What is needed: Write out the data again in full, keeping every character the same.

-*-*-

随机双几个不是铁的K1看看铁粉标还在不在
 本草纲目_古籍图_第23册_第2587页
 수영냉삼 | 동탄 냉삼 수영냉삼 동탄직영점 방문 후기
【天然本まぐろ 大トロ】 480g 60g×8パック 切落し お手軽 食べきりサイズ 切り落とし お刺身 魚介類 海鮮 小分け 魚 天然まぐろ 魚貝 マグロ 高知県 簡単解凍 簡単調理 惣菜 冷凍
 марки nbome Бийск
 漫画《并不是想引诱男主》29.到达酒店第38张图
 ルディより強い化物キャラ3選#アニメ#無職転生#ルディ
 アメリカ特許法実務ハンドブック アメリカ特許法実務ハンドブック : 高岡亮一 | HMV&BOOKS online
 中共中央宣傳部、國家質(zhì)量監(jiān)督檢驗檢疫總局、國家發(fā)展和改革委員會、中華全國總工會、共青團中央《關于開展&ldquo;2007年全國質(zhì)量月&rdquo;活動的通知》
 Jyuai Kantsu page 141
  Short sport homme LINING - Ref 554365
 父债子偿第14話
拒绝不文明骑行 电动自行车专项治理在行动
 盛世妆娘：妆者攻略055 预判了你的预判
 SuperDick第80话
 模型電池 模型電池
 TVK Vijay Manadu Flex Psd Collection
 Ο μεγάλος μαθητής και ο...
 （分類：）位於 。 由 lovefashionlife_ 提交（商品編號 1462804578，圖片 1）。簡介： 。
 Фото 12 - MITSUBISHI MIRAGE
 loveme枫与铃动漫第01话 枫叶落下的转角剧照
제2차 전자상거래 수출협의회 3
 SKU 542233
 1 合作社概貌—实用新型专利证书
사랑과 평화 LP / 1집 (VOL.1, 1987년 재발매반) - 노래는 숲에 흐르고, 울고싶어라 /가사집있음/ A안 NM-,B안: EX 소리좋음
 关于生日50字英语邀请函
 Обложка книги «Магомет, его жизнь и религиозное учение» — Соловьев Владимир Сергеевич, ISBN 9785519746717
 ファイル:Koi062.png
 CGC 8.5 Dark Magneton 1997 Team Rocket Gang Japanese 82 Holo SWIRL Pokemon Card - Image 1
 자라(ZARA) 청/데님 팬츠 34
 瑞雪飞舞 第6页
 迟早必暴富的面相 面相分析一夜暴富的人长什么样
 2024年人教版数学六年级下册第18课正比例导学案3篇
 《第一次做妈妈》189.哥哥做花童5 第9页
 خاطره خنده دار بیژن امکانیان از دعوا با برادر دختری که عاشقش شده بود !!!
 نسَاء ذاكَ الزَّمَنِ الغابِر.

-*-*-

Response for this exercise:
随机双几个不是铁的K1看看铁粉标还在不在
 本草纲目_古籍图_第23册_第2587页
 수영냉삼 | 동탄 냉삼 수영냉삼 동탄직영점 방문 후기
【天然本まぐろ 大トロ】 480g 60g×8パック 切落し お手軽 食べきりサイズ 切り落とし お刺身 魚介類 海鮮 小分け 魚 天然まぐろ 魚貝 マグロ 高知県 簡単解凍 簡単調理 惣菜 冷凍
 марки nbome Бийск
 漫画《并不是想引诱男主》29.到达酒店第38张图
 ルディより強い化物キャラ3選#アニメ#無職転生#ルディ
 アメリカ特許法実務ハンドブック アメリカ特許法実務ハンドブック : 高岡亮一 | HMV&BOOKS online
 中共中央宣傳部、國家質(zhì)量監(jiān)督檢驗檢疫總局、國家發(fā)展和改革委員會、中華全國總工會、共青團中央《關于開展&ldquo;2007年全國質(zhì)量月&rdquo;活動的通知》
 Jyuai Kantsu page 141
  Short sport homme LINING - Ref 554365
 父债子偿第14話
拒绝不文明骑行 电动自行车专项治理在行动
 盛世妆娘：妆者攻略055 预判了你的预判
 SuperDick第80话
 模型電池 模型電池
 TVK Vijay Manadu Flex Psd Collection
 Ο μεγάλος μαθητής και ο...
 （分類：）位於 。 由 lovefashionlife_ 提交（商品編號 1462804578，圖片 1）。簡介： 。
 Фото 12 - MITSUBISHI MIRAGE
 loveme枫与铃动漫第01话 枫叶落下的转角剧照
제2차 전자상거래 수출협의회 3
 SKU 542233
 1 合作社概貌—实用新型专利证书
사랑과 평화 LP / 1집 (VOL.1, 1987년 재발매반) - 노래는 숲에 흐르고, 울고싶어라 /가사집있음/ A안 NM-,B안: EX 소리좋음
 关于生日50字英语邀请函
 Обложка книги «Магомет, его жизнь и религиозное учение» — Соловьев Владимир Сергеевич, ISBN 9785519746717
 ファイル:Koi062.png
 CGC 8.5 Dark Magneton 1997 Team Rocket Gang Japanese 82 Holo SWIRL Pokemon Card - Image 1
 자라(ZARA) 청/데님 팬츠 34
 瑞雪飞舞 第6页
 迟早必暴富的面相 面相分析一夜暴富的人长什么样
 2024年人教版数学六年级下册第18课正比例导学案3篇
 《第一次做妈妈》189.哥哥做花童5 第9页
 خاطره خنده دار بیژن امکانیان از دعوا با برادر دختری که عاشقش شده بود !!!
 نسَاء ذاكَ الزَّمَنِ الغابِر.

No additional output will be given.